Kreutzberg Anika, Tsatsaronis Chrissa, Grobe Thomas G, Quentin Wilm, Busse Reinhard
Department of Health Care Management, Technische Universität Berlin, Berlin, Germany.
Abteilung Gesundheitsberichterstattung und Biometrie, Institut für angewandte Qualitätsförderung und Forschung im Gesundheitswesen GmbH, Göttingen, Germany.
Res Health Serv Reg. 2025 Aug 6;4(1):10. doi: 10.1007/s43999-025-00068-y.
Analyzing regional variations can help improve equity, efficiency, and quality in health care provision. The PopGrouper is a population-based classification system which classifies persons with similar health care needs into distinct groups. It exhibits a high degree of morbidity differentiation. We present an analytical framework to use the PopGrouper in examining regional variations across different outcomes and populations using routine patient-level data.
We develop a two-step empirical strategy to examine the relative regional performance on a set of efficiency and quality outcomes (e.g., hospital bed days, cost of care, mortality). First, we propose PopGroup-standardized observed-to-expected ratios to compare regional performance. Second, we develop a multilevel regression model to separately estimate regional variation related to patient need measured by the PopGroup and variation related to regional characteristics.
We provide an analytical framework that demonstrates the PopGrouper's application as a tool for morbidity adjustment in the assessment of relative regional performance in efficiency and quality outcomes and the regional characteristics that explain this performance. We provide suggestions for empirical notation, interpretation of results, and graphical analyses of findings. The developed framework will be applied in subsequent empirical papers.

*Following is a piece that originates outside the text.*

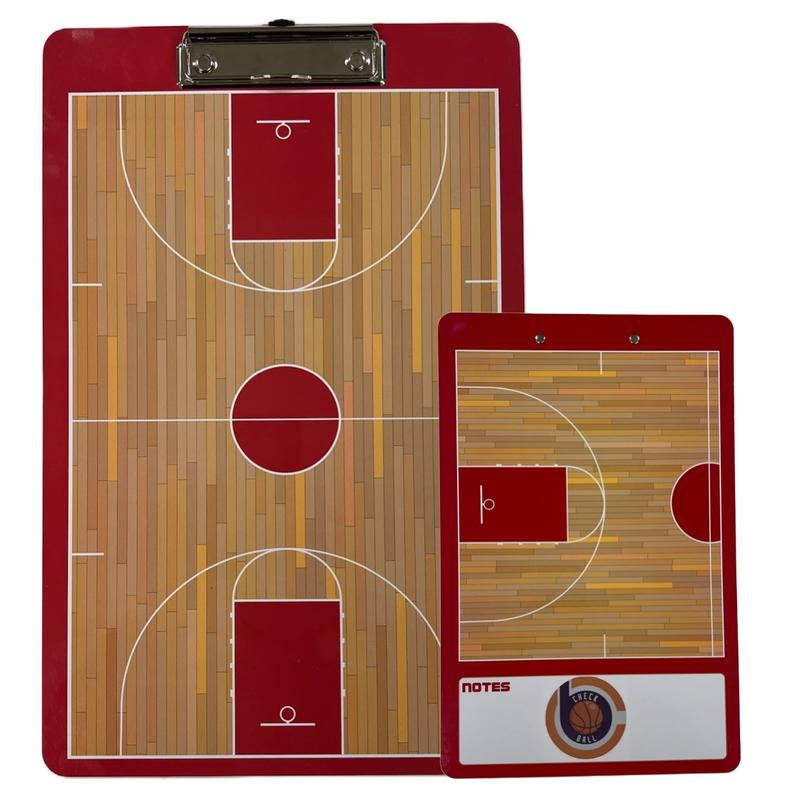 Dry Erase Basketball Coaching Board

This paper sets the analytical foundations to be applied in regional comparative analyses using the PopGrouper allowing for conclusions about unexplained variations in quality and efficiency of health care.

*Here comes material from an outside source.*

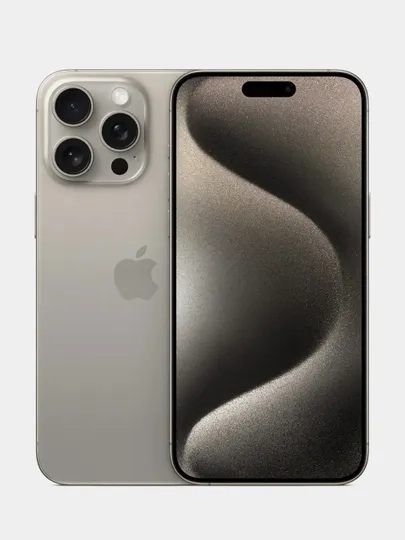 Смартфон Apple iPhone 15 Pro Max 256 Gb (Dual Sim)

分析地区差异有助于提高医疗服务的公平性、效率和质量。PopGrouper是一种基于人群的分类系统,它将有相似医疗需求的人分为不同的组。该系统具有高度的发病率差异。我们提出了一个分析框架,用于利用PopGrouper,通过常规患者层面的数据来研究不同结果和人群之间的地区差异。
我们制定了一个两步实证策略,以检验在一系列效率和质量结果(如住院天数、护理成本、死亡率)方面的相对地区表现。首先,我们提出PopGroup标准化的观察值与预期值比率,以比较地区表现。其次,我们开发了一个多层次回归模型,分别估计与PopGroup衡量的患者需求相关的地区差异以及与地区特征相关的差异。
我们提供了一个分析框架,展示了PopGrouper作为一种工具在评估效率和质量结果方面的发病率调整以及解释这种表现的地区特征中的应用。我们为实证符号、结果解释和研究结果的图形分析提供了建议。所开发的框架将应用于后续的实证论文中。
本文奠定了在使用PopGrouper进行地区比较分析中的分析基础,从而能够得出关于医疗保健质量和效率中无法解释的差异的结论。